Have you ever wondered what exactly the difference between airdrops and bounties is? I’ll suppose you did, since you’re reading this post. Finding the difference can be quite confusing, since it seems that their purposes are the same.
However, despite having some common characteristics, airdrops and bounties aren’t the same thing. In this blog post, you’ll find out the difference. Let’s start from the beginning and explain how free airdrops and bounties started?
Airdrops vs bounties: the beginning
Airdrops got their name after the supplies that were airdropped from aircrafts during the Second World War.
In the crypto world, airdrops are seen as free coins and crypto rewards. Users can participate in distribution by doing some small (social media) tasks, and then they receive coins in their crypto wallet.
And what about bounties?
Do you know how bounties got their name? That’s an interesting story that originates from the Wild West, where bounty hunting was quite popular.

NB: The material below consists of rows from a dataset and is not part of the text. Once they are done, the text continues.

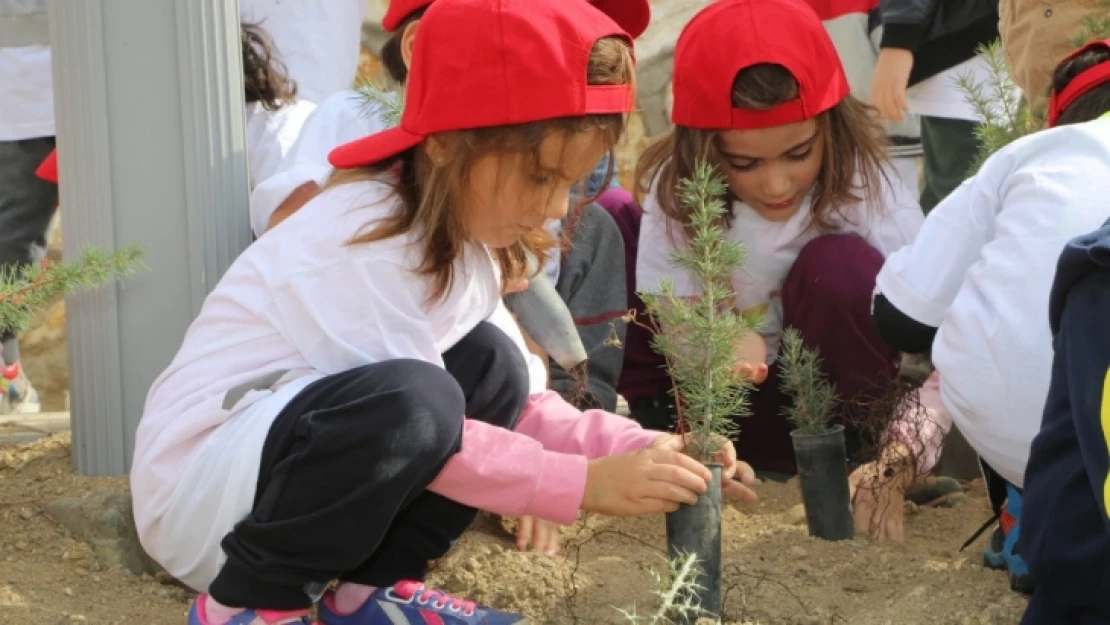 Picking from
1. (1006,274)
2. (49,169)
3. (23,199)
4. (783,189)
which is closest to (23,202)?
(23,199)

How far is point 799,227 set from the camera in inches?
139

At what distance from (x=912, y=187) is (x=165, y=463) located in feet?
Answer: 10.6

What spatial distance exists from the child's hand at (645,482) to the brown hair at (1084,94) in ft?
3.12

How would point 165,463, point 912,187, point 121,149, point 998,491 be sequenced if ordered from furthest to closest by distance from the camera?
point 912,187 < point 121,149 < point 998,491 < point 165,463

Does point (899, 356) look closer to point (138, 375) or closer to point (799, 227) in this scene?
point (799, 227)

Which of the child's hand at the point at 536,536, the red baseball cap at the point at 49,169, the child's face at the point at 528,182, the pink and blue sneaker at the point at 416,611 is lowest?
the child's hand at the point at 536,536

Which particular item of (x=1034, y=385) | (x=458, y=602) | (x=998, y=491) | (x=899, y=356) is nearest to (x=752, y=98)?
(x=899, y=356)

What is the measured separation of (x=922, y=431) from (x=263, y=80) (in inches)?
83.1

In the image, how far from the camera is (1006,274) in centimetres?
225

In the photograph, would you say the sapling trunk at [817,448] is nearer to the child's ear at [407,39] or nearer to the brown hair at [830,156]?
the brown hair at [830,156]

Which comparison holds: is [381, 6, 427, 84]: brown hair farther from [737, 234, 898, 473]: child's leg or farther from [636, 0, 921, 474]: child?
[737, 234, 898, 473]: child's leg

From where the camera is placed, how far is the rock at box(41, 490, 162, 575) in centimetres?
278

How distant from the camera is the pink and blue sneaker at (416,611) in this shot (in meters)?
2.35

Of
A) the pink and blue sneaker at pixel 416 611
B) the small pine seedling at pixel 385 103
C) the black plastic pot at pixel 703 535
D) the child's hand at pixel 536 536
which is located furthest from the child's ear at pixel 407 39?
the black plastic pot at pixel 703 535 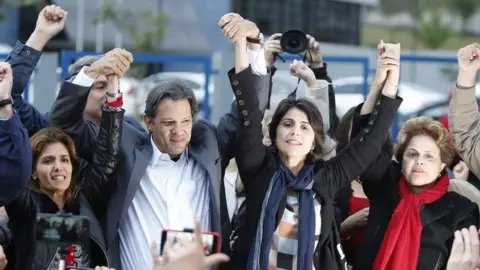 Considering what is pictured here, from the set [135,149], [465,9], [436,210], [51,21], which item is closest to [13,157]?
[135,149]

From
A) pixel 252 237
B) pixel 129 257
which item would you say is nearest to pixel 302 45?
→ pixel 252 237

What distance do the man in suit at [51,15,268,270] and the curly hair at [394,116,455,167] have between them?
2.35ft

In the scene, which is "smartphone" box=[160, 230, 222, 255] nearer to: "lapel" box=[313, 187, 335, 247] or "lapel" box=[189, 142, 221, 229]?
"lapel" box=[189, 142, 221, 229]

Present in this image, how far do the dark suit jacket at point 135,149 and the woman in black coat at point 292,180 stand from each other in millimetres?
92

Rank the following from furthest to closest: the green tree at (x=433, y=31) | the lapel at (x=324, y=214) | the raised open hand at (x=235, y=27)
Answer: the green tree at (x=433, y=31), the lapel at (x=324, y=214), the raised open hand at (x=235, y=27)

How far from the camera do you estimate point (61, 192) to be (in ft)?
14.1

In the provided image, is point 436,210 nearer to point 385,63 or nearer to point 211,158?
point 385,63

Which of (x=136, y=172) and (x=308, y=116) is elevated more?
(x=308, y=116)

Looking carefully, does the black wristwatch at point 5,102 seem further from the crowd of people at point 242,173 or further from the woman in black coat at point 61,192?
the woman in black coat at point 61,192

Bail bondsmen would hire a bounty hunter to capture a fugitive. After the capture, he would receive a monetary reward called a bounty.
The same goes for the crypto world. Crypto bounties are tasks or jobs that you have to successfully complete to receive a native token from a blockchain/crypto company.
Now, let’s take a look at some differences between airdrops and bounties.
What are the tasks you have to complete when participating in an airdrop/bounty?
To participate in an airdrop you’ll have to complete a couple of easy tasks, and in some cases, you even won’t have to complete any task. Some of the possible tasks include:
- Sign up with your email
- Do some social media tasks such as retweeting, sharing, like a Facebook page, share a blog post, etc.
- Join Telegram groups
- Participate in online crypto forums
- Take a survey
- Watch a video
As you can see, these are pretty simple tasks.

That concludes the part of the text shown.